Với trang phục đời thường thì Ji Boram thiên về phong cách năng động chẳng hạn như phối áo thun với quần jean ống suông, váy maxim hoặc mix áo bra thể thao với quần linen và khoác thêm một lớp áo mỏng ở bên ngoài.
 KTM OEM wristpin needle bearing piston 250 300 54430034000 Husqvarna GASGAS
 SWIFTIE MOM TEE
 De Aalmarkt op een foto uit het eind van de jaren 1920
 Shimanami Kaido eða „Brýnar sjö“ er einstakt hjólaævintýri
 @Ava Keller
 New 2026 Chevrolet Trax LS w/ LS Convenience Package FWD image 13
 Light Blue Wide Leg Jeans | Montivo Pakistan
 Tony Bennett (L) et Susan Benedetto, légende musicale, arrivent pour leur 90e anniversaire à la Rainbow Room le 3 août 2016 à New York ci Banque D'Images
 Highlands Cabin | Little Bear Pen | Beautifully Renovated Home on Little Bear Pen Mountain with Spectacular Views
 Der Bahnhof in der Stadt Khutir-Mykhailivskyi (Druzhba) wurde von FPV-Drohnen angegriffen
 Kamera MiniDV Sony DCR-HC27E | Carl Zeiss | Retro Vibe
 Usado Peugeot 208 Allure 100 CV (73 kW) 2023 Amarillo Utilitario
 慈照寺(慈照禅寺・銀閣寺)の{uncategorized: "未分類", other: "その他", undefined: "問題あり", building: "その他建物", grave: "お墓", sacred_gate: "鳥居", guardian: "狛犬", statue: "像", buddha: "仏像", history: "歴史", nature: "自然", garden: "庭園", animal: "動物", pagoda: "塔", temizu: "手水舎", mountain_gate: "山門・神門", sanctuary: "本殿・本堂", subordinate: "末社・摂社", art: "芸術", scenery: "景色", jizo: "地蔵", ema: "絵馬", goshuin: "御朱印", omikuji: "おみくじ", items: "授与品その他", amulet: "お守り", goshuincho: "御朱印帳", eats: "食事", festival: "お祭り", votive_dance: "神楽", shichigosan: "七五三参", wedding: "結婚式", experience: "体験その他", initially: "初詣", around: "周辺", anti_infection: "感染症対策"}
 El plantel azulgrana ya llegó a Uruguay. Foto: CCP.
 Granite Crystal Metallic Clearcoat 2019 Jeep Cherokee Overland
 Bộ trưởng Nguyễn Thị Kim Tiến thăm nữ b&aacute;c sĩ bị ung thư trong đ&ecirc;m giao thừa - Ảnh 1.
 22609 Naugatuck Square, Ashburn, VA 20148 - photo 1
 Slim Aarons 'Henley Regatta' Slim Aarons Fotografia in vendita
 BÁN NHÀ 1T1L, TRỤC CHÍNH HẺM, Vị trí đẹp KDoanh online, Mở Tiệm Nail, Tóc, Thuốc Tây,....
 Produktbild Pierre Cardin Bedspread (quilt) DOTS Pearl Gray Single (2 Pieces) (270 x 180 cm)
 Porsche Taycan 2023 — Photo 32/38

* WHAT NEEDS TO BE DONE
Using the records above, set down exactly the lines from the one with "New 2026 Chevrolet" through the one with "Usado Peugeot 208", inclusive, and nothing more.

* EXERCISE ANSWER
 New 2026 Chevrolet Trax LS w/ LS Convenience Package FWD image 13
 Light Blue Wide Leg Jeans | Montivo Pakistan
 Tony Bennett (L) et Susan Benedetto, légende musicale, arrivent pour leur 90e anniversaire à la Rainbow Room le 3 août 2016 à New York ci Banque D'Images
 Highlands Cabin | Little Bear Pen | Beautifully Renovated Home on Little Bear Pen Mountain with Spectacular Views
 Der Bahnhof in der Stadt Khutir-Mykhailivskyi (Druzhba) wurde von FPV-Drohnen angegriffen
 Kamera MiniDV Sony DCR-HC27E | Carl Zeiss | Retro Vibe
 Usado Peugeot 208 Allure 100 CV (73 kW) 2023 Amarillo Utilitario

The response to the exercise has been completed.